Department of Biomedical Sciences, University of Sassari, Sassari, Italy.
Discipline of Clinical Pharmacology, College of Medicine and Public Health, Flinders University, Adelaide, SA, Australia.
Front Immunol. 2024 Jun 14;15:1369284. doi: 10.3389/fimmu.2024.1369284. eCollection 2024.
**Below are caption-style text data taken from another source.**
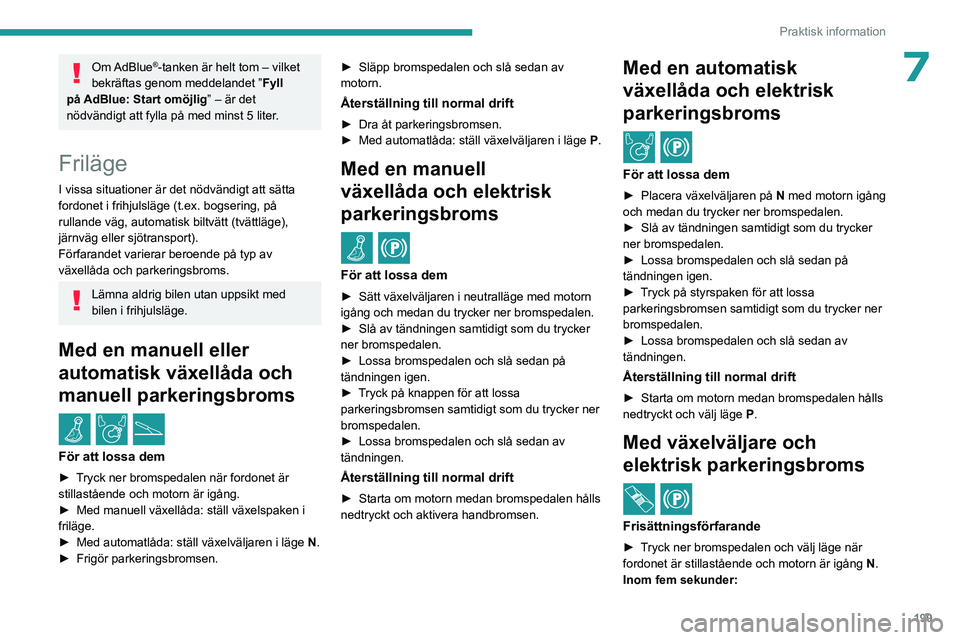 PEUGEOT EXPERT 2022 Bruksanvisningar (in Swedish) 199
Praktisk information
7Om AdBlue®-tanken är helt tom – vilket
bekräftas genom meddelandet ” Fyll
på
AdBlue: Start omöjlig ” – är det
nödvändigt att fylla på med minst 5 liter
PEUGEOT EXPERT 2022 Bruksanvisningar (in Swedish) 199
Praktisk information
7Om AdBlue®-tanken är helt tom – vilket
bekräftas genom meddelandet ” Fyll
på
AdBlue: Start omöjlig ” – är det
nödvändigt att fylla på med minst 5 liter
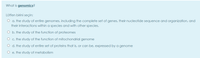 What is genomics?
Lütfen birini seçin:
O a. the study of entire genomes, including the complete set of genes, their nucleotide sequence and organization, and
their interactions within a species and with other species.
O b. the study of the function of proteomes
O c. the study of the function of mitochondrial genome
O d. the study of entire set of proteins that is, or can be, expressed by a genome
O e. the study of metabolism
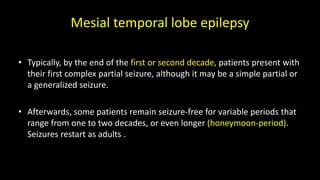 Mesial temporal lobe epilepsy
• Typically, by the end of the first or second decade, patients present with
their first complex partial seizure, although it may be a simple partial or
a generalized seizure.
• Afterwards, some patients remain seizure-free for variable periods that
range from one to two decades, or even longer (honeymoon-period).
Seizures restart as adults .
 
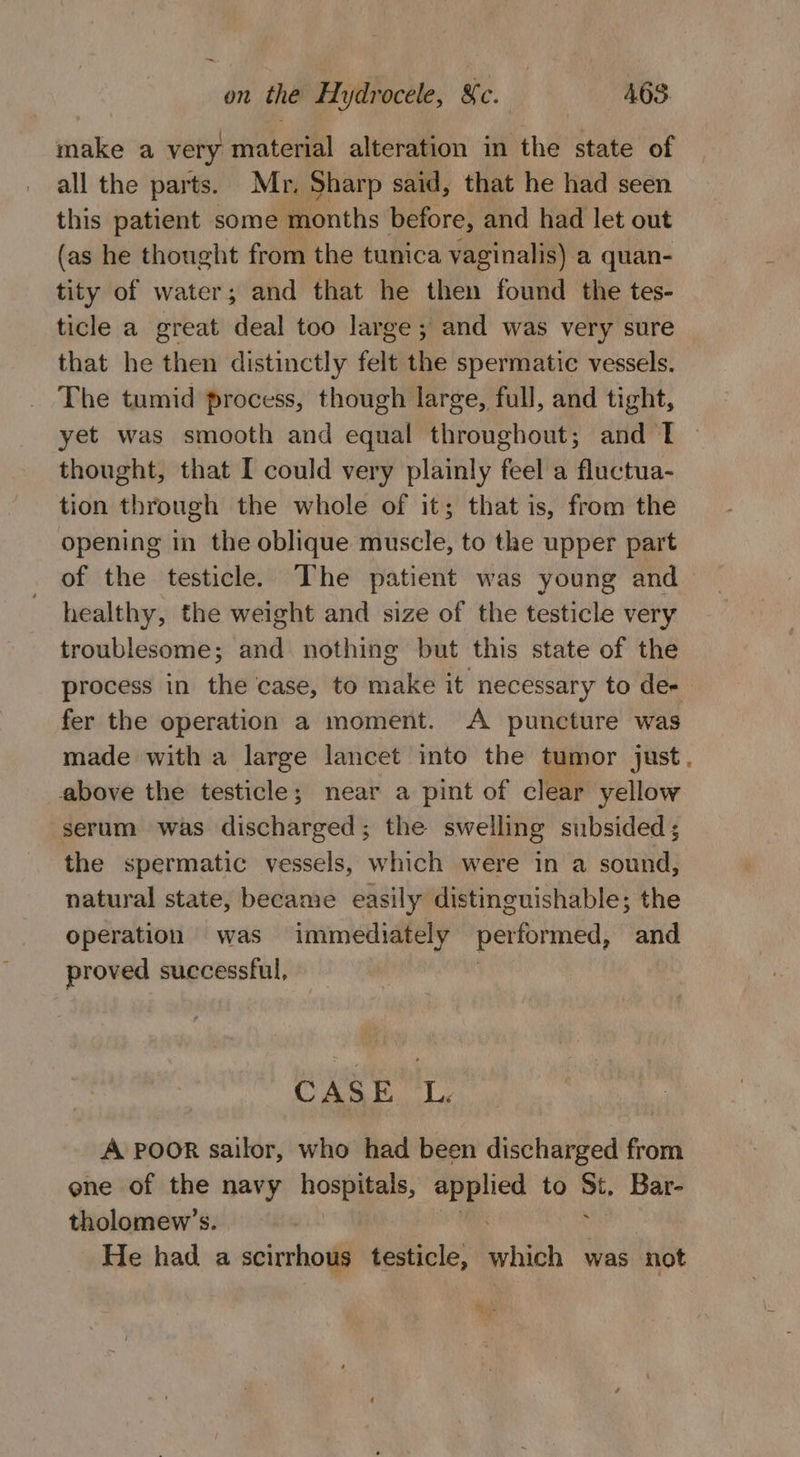 make a very material alteration in the state of all the parts. Mr, Sharp said, that he had seen this patient some months before, and had let out (as he thought from the tunica vaginalis) a quan- tity of water; and that he then found the tes- ticle a great deal too large ; and was very sure that he then distinctly felt the spermatic vessels. The tumid process, though large, full, and tight, yet was smooth and equal throughout; and T thought, that I could very plainly feel a fluctua- tion through the whole of it; that is, from the opening in the oblique muscle, to the upper part of the testicle. The patient was young and healthy, the weight and size of the testicle very troublesome; and nothing but this state of the process in the case, to make it necessary to de- fer the operation a moment. A puncture was made with a large lancet into the tumor just. above the testicle; near a pint of clear yellow serum was discharged; the swelling subsided ; the spermatic vessels, which were in a sound, natural state, became easily distinguishable; the operation was immediately performed, and proved successful, | OF -9 a A POOR sailor, who had been discharged from ene of the navy hospitals, ee to a, Bar- tholomew’s. He had a scirrhous testicle, which was not ad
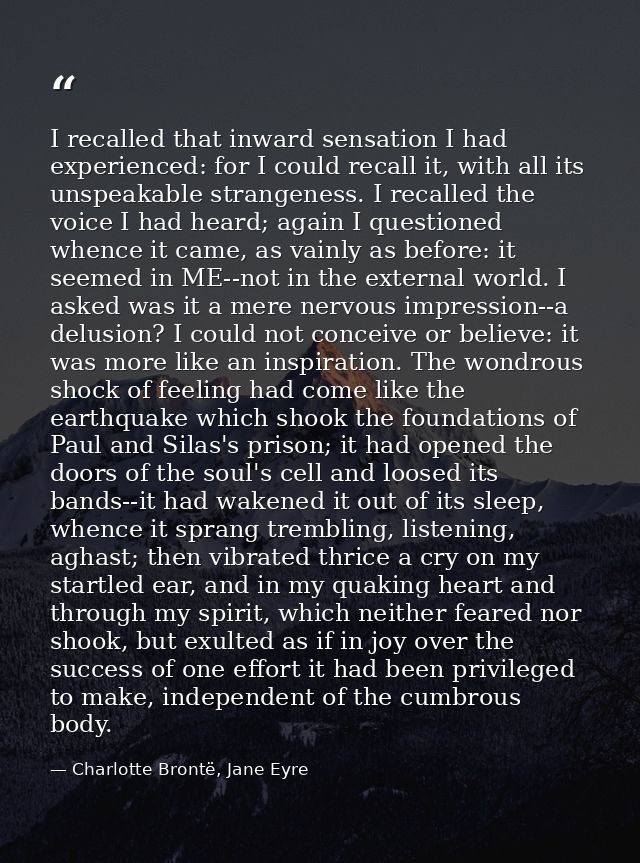 I recalled that inward sensation I had experienced: for I could recall it, with all its unspeakable strangeness. I recal — Charlotte Brontë, Jane Eyre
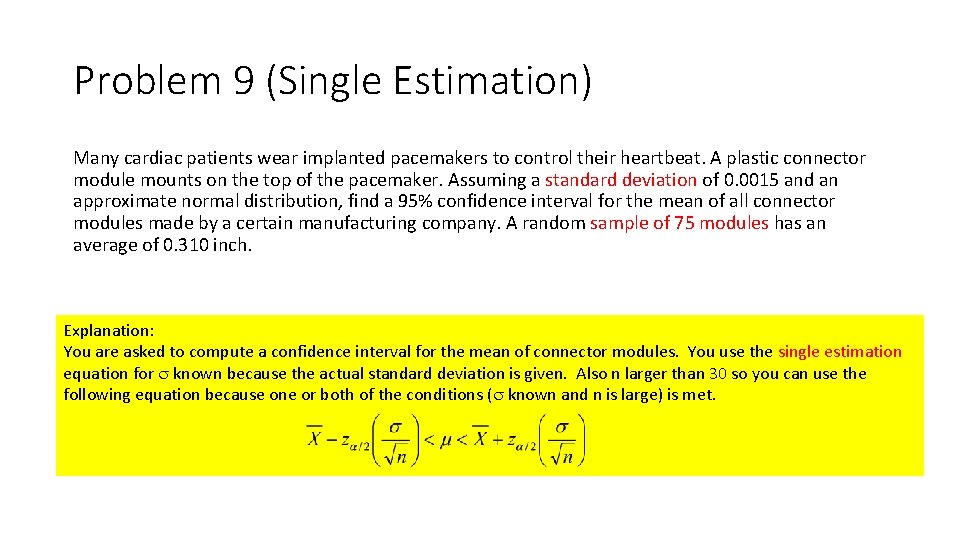 Problem 9 (Single Estimation) Many cardiac patients wear implanted pacemakers to control their heartbeat.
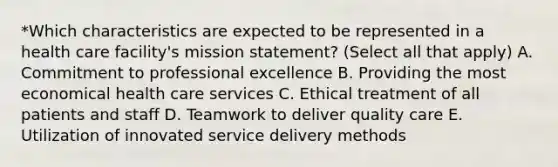 *Which characteristics are expected to be represented in a health care facility's mission statement? (Select all that apply) A. Commitment to professional excellence B. Providing the most economical health care services C. Ethical treatment of all patients and staff D. Teamwork to deliver quality care E. Utilization of innovated service delivery methods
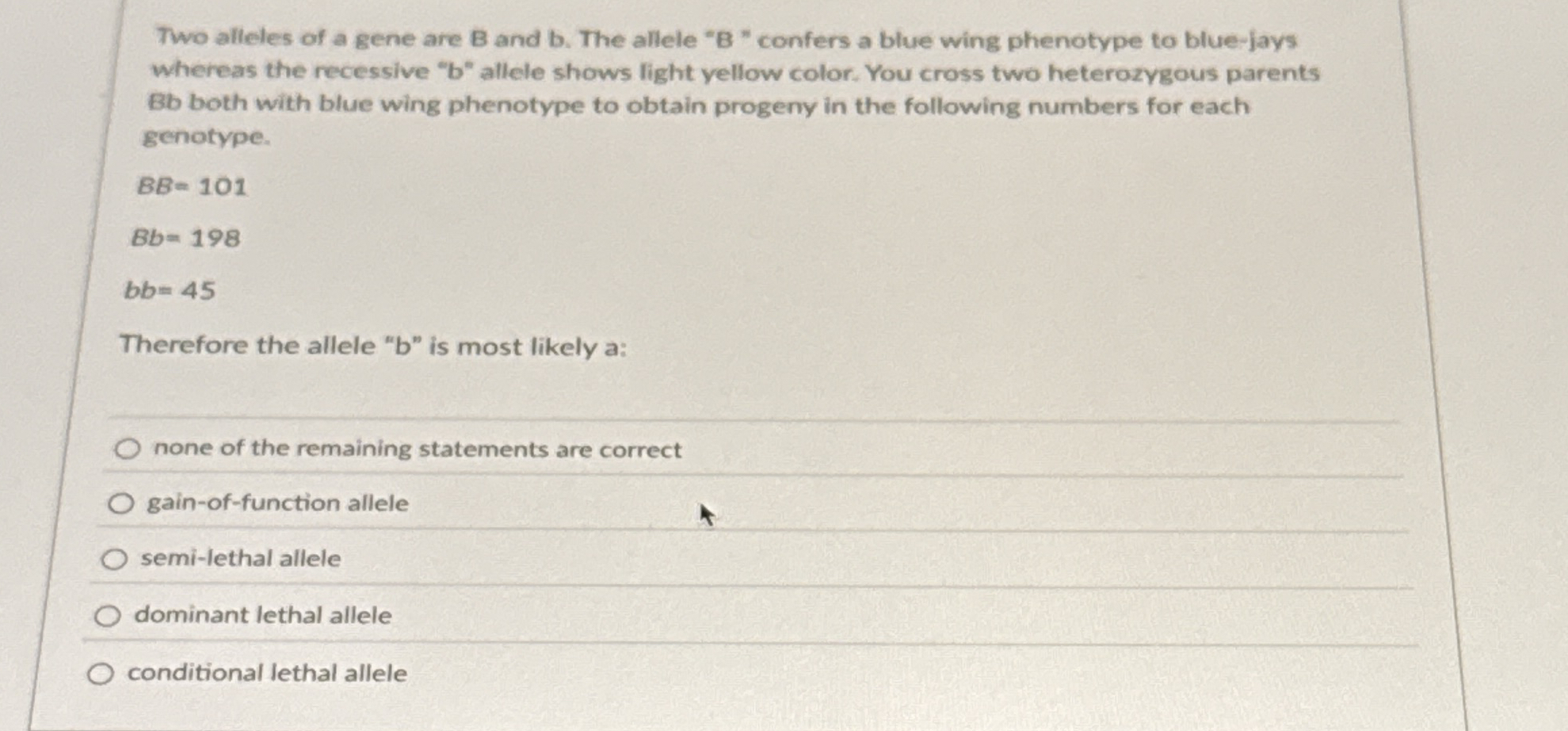 Solved Two alleles of a gene are B and b. ﻿The allele "B " | Chegg.com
The identification of novel, yet easily measurable biomarkers of inflammation and oxidative stress might assist in the diagnosis and management of patients with rheumatic diseases (RDs). We conducted a systematic review and meta-analysis of studies investigating the circulating concentrations of bilirubin, the end product of heme metabolism and a potent endogenous antioxidant with anti-inflammatory properties, in patients with RDs and healthy controls. The electronic databases PubMed, Scopus, and Web of Science were searched from inception to 31 December 2023 for relevant articles. We evaluated the risk of bias and the certainty of evidence using the Joanna Briggs Checklist and the Grades of Recommendation, Assessment, Development, and Evaluation Working Group system, respectively. In 17 eligible studies, all with low risk of bias, compared to controls, patients with RDs had significantly lower concentrations of total bilirubin (standard mean difference, SMD=-0.68, 95% CI -0.91 to -0.44, p<0.001; I = 92.5%, p<0.001; low certainty of evidence), direct (conjugated) bilirubin (SMD=-0.67, 95% CI -0.92 to -0.41, p<0.001; I = 81.7%, p<0.001; very low certainty of evidence), and the active antioxidant and anti-inflammatory indirect (unconjugated) form of bilirubin (SMD=-0.71, 95% CI -1.18 to -0.24, p=0.003; I = 95.1%, p<0.001; very low certainty of evidence). The results of the meta-analysis were stable in sensitivity analysis. In meta-regression, there were no significant associations between the SMD of total bilirubin and several clinical and demographic characteristics, including age, male to female ratio, number of participants, liver enzymes and erythrocyte sedimentation rate. In subgroup analysis, the SMD of total bilirubin was significant across a range of RDs, including rheumatoid arthritis, systemic lupus erythematosus, primary Sjögren syndrome, and myositis. Therefore, the results of our systematic review and meta-analysis suggests that the reductions in bilirubin concentrations observed in patients with RDs reflect a state of impaired antioxidant and anti-inflammatory defence due to bilirubin consumption and highlight the promising role of this endogenous product as a biomarker of RDs.
https://www.crd.york.ac.uk/prospero/, identifier CRD42023500649.
鉴定新的、易于测量的炎症和氧化应激生物标志物,可能有助于风湿性疾病(RDs)患者的诊断和管理。
我们对研究胆红素循环浓度的研究进行了系统评价和荟萃分析,胆红素是血红素代谢的终产物,是一种具有抗炎特性的强效内源性抗氧化剂。我们检索了从成立到 2023 年 12 月 31 日的电子数据库 PubMed、Scopus 和 Web of Science,以获取相关文章。我们分别使用 Joanna Briggs 清单和 Grades of Recommendation, Assessment, Development, and Evaluation 工作组系统评估了偏倚风险和证据质量。在 17 项符合条件的研究中,所有研究的偏倚风险均较低,与对照组相比,RDs 患者的总胆红素浓度显著降低(标准均数差,SMD=-0.68,95%置信区间-0.91 至-0.44,p<0.001;I=92.5%,p<0.001;证据质量低),直接(结合)胆红素(SMD=-0.67,95%置信区间-0.92 至-0.41,p<0.001;I=81.7%,p<0.001;证据质量极低),以及活性抗氧化剂和抗炎性间接(非结合)胆红素形式(SMD=-0.71,95%置信区间-1.18 至-0.24,p=0.003;I=95.1%,p<0.001;证据质量极低)。荟萃分析结果在敏感性分析中稳定。在荟萃回归中,总胆红素 SMD 与年龄、男女比例、参与者数量、肝酶和红细胞沉降率等多个临床和人口统计学特征之间无显著关联。在亚组分析中,RDs 包括类风湿关节炎、系统性红斑狼疮、原发性干燥综合征和肌炎,总胆红素 SMD 均有显著差异。因此,我们的系统评价和荟萃分析结果表明,RDs 患者胆红素浓度降低反映了由于胆红素消耗导致抗氧化和抗炎防御受损的状态,并强调了这种内源性产物作为 RDs 生物标志物的有前途的作用。